I love my son. I love him already. As I type this tonight, I watch him in his bouncer, snuggled up and asleep. I know it won’t last, and he’ll have to be fed soon, but while I have a few moments to reflect on the past week, I realize I have the opportunity to remember my father in a new way. His words, his lessons, his humor and his kindness will be passed on to my son. It won’t quite be the same, and I would give anything to have Jackson be able to see his Grandpa’s face, and to see the look on my Dad’s face. I would want to show off, I would want to say: “look what I’ve done”, and I would want to see them connect. It isn’t a question of whether or not I want his praise, though I know he loved me. It just…would have been nice to have them connect. Just a few days, and he could have heard his voice. Just a few days and he could have seen his face. I miss my dad, and I wish my son could have met the man. I know there’s some poetic cyclical closure to be had, and maybe someday I’ll be able to appreciated the profoundness of it all. But for now, that’s bullshit. It would have been nice to see the connection, to ask my father for advice on ways to raise my kid, to see the joy in his eyes as he made his grandson laugh. It would have been nice to watch him come up the walk and see our new place, and the home we have built with a complete family living inside in my life.

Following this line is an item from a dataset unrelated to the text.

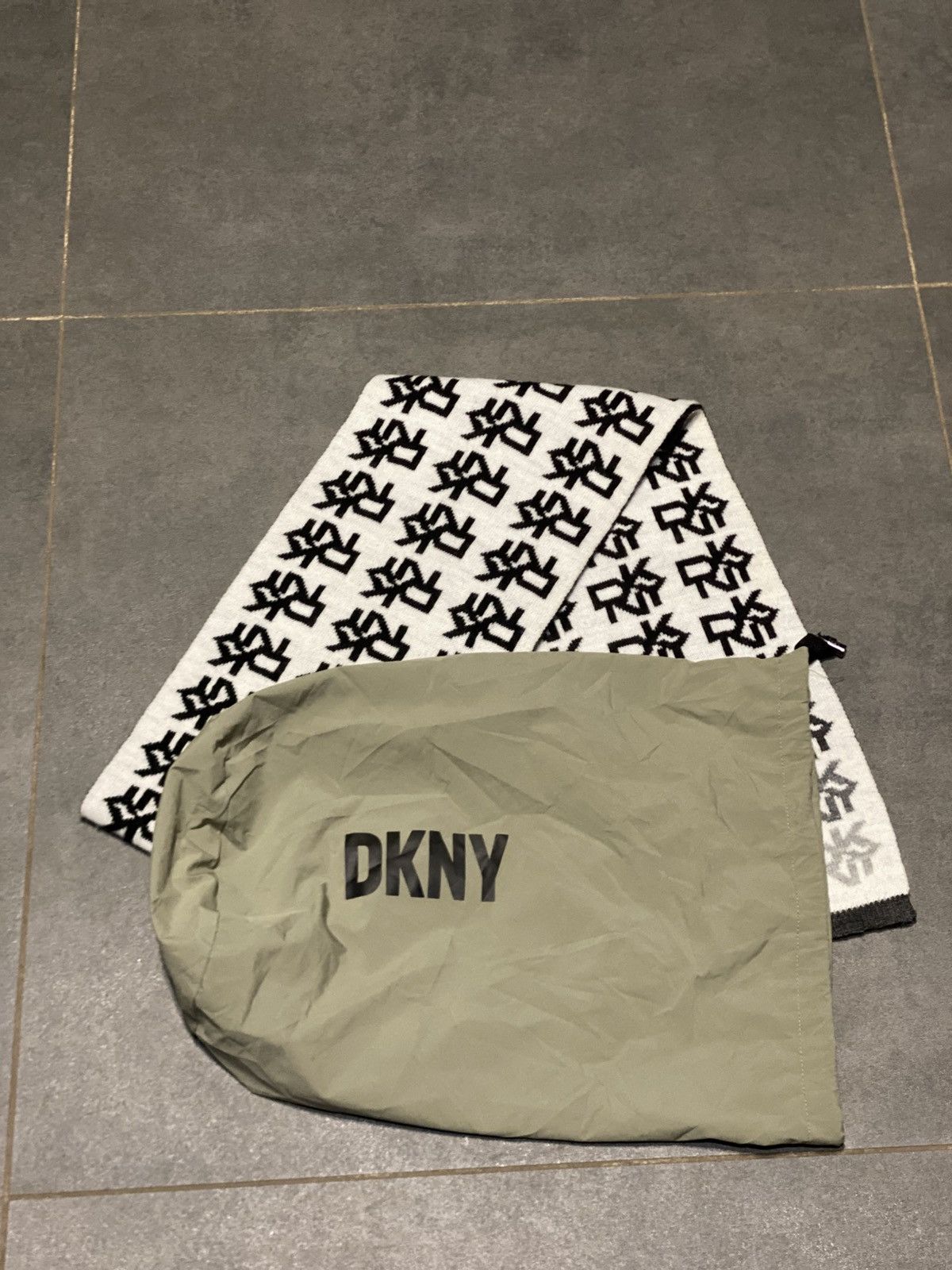 DKNY × Donna Karan Scarf DKNY monogram Donna Karan New York muffler Size ONE SIZE - 4 Thumbnail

That can’t happen now.
I’m overjoyed to have my son in my life, and I think it’s the best way I’ve been able to deal cope handle the sense of loss, or at least compartmentalize it for now. I realize this post is contrary and conflicting. I’m realizing that I’m not sure how I’ll ever reconcile the two events in any clear way. I’m pretty sure it won’t be in a neat little made-for-TV bow where “one life goes out as one comes in”. I just don’t know right now, and I think that’s okay. Thanks to everyone for their warm wishes. Thanks to everyone for their support. I’m as okay as I think I can be. There’s much to think about, and perhaps there’s nothing to think about. For now, I will cherish the new life of my son while keeping my dad in my mind and heart for guidance, support and laughter.
I miss you Dad, and I love you, Jackson. It would have been nice to have you meet one another.